TASK DIRECTIONS: Each line from the one with "Оренда квартири в новобудові" through the end of the records below should be transcribed exactly, and each picture should be skipped.

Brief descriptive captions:
************

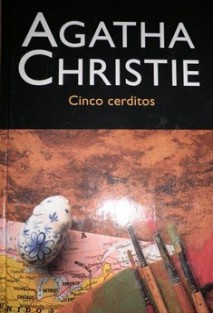 Cinco cerditos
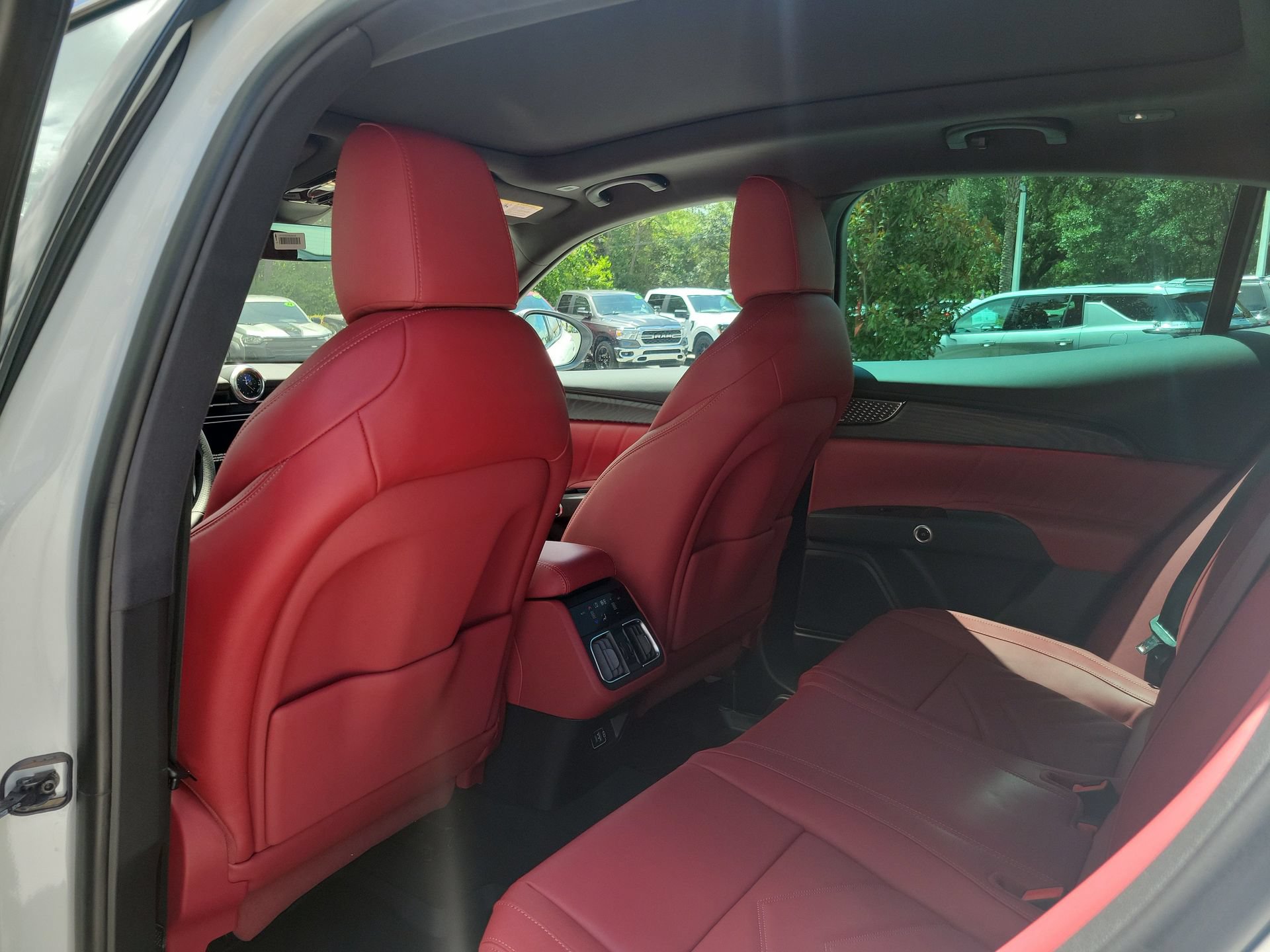 New 2026 Maserati Grecale Modena AWD/4WD image 21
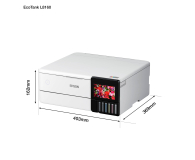 Epson EcoTank L8160 - 649729 - zdjęcie 4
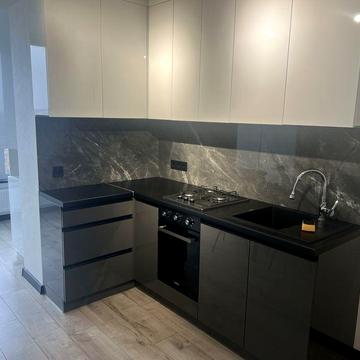 Оренда квартири в новобудові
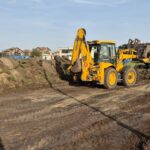 Черноморец стартира мащабен проект на стадион „Иван Притъргов“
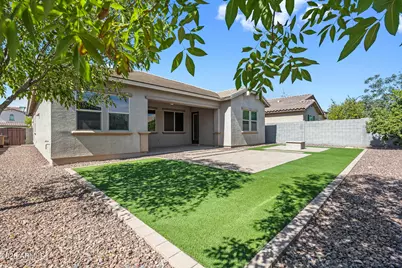 113 W Evergreen Pear Avenue, Queen Creek, AZ 85140 - Photo 33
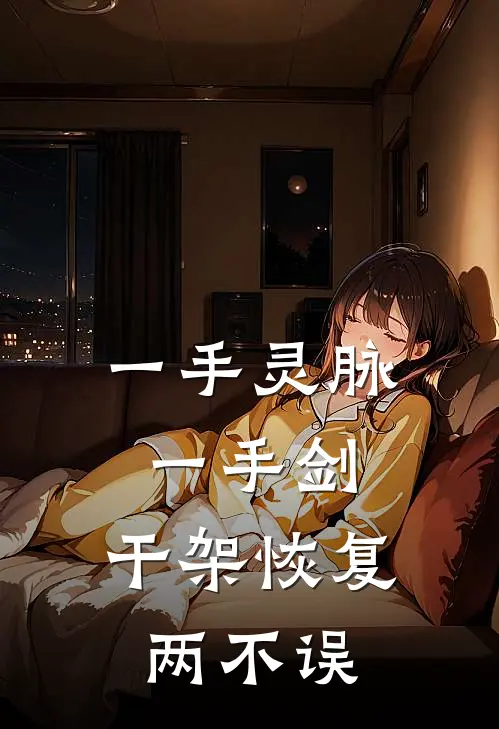 一手灵脉一手剑，干架恢复两不误苏朝朝朝朝小说最新章节_最新小说推荐一手灵脉一手剑，干架恢复两不误苏朝朝朝朝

************

EXPECTED OUTPUT:
 Оренда квартири в новобудові
 Черноморец стартира мащабен проект на стадион „Иван Притъргов“
 113 W Evergreen Pear Avenue, Queen Creek, AZ 85140 - Photo 33
 一手灵脉一手剑，干架恢复两不误苏朝朝朝朝小说最新章节_最新小说推荐一手灵脉一手剑，干架恢复两不误苏朝朝朝朝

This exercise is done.